Este libro compila cuatro obras de teatro escritas por Raquel Diana entre 1998 y 2014: Cuentos de hadas (1998), Secretos (2001), Laguna (2009) y El tipo que vino a la función (2014). Como ocurre con todo texto dramático que se refiere a un período de tiempo o una experiencia real compartida, media entre el libro y los lectores la relación no sólo con vivencias individuales y colectivas, sino también con las puestas en escena de las obras de Diana a lo largo de estos años.
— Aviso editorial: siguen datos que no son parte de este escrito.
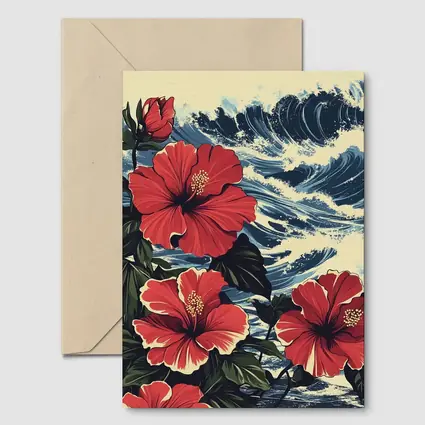 Red Hibiscus Flowers Ocean Waves Japanese Style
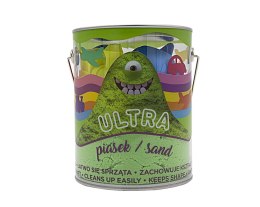 Piasek ultrapiasek puszka 900g 4 duże foremki 2 narzędzia zielony pojazdy
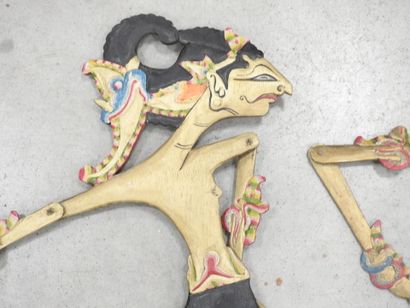 INDONESIA: Two Wayang Kulit puppets in painted...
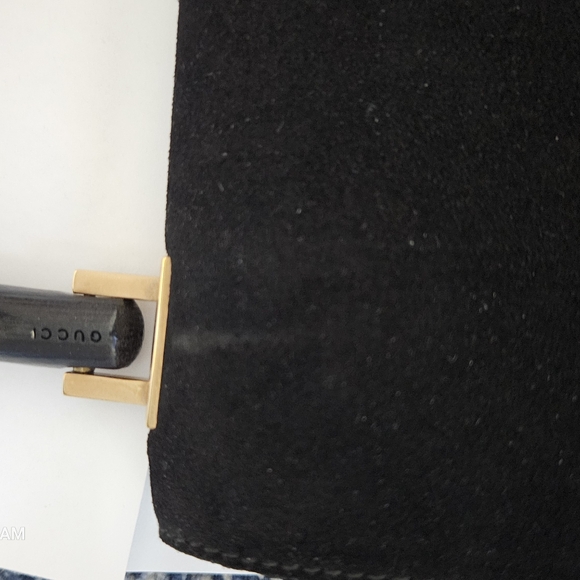 Gucci suede bag with black wood handle - Picture 4 of 10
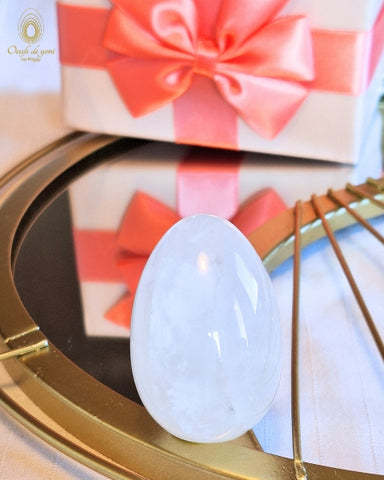 L'oeuf de la détente - quartz givré grand non troué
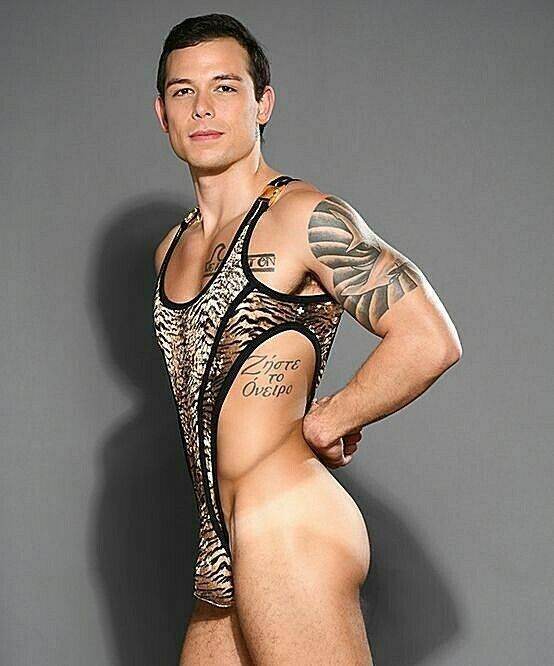 Andrew Christian Singlet Plush Tiger Jungle Y-Thong T Back 92171 55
La autora escribe sobre experiencias durante la más reciente dictadura, sobre la resistencia a ella y sobre el miedo. Los temas se entrecruzan y no son abordados en abstracto u ontológicamente, sino desde las texturas de las vidas y las historias particulares que entretejen la experiencia colectiva de una izquierda que sigue elaborando su derrota mientras ve avanzar y enraizarse (incluso dentro de sus filas) al neoliberalismo. El de Diana no es tanto teatro escrito desde una posición –en todo caso, esta sería el comunismo, o el “comunismo humano”, como dice ella–, sino más bien desde una perspectiva; un punto o muchos desde donde mirar. Su búsqueda no apunta a la reivindicación de una verdad o a la reconstrucción de una identidad (ni, por supuesto, a la narración neutral de la historia), sino a la creación casi caleidoscópica de relatos basados en experiencias. La historia está hecha de subjetividades; en palabras de la autora: “el mundo está hecho de la tela de los gritos. De la tela de los sueños”.

Las obras cuentan vidas reales mezcladas con ficción, no sólo como parte de una decisión o técnica de dramaturgia, sino también como reflejo de un período en el que el terror y la censura se organizaron para entreverarlo todo, cuando mentira y verdad, clandestinidad y confrontación se confundieron. Las historias tienen protagonistas en su mayoría femeninas: un punto de vista a menudo excluido de los relatos más respetados sobre la época. Desde esa clave, Diana aporta una pieza sensible a una historia que aún no hemos terminado de construir en Uruguay, que muchos no quieren construir y a la cual el arte tiene mucho que aportar.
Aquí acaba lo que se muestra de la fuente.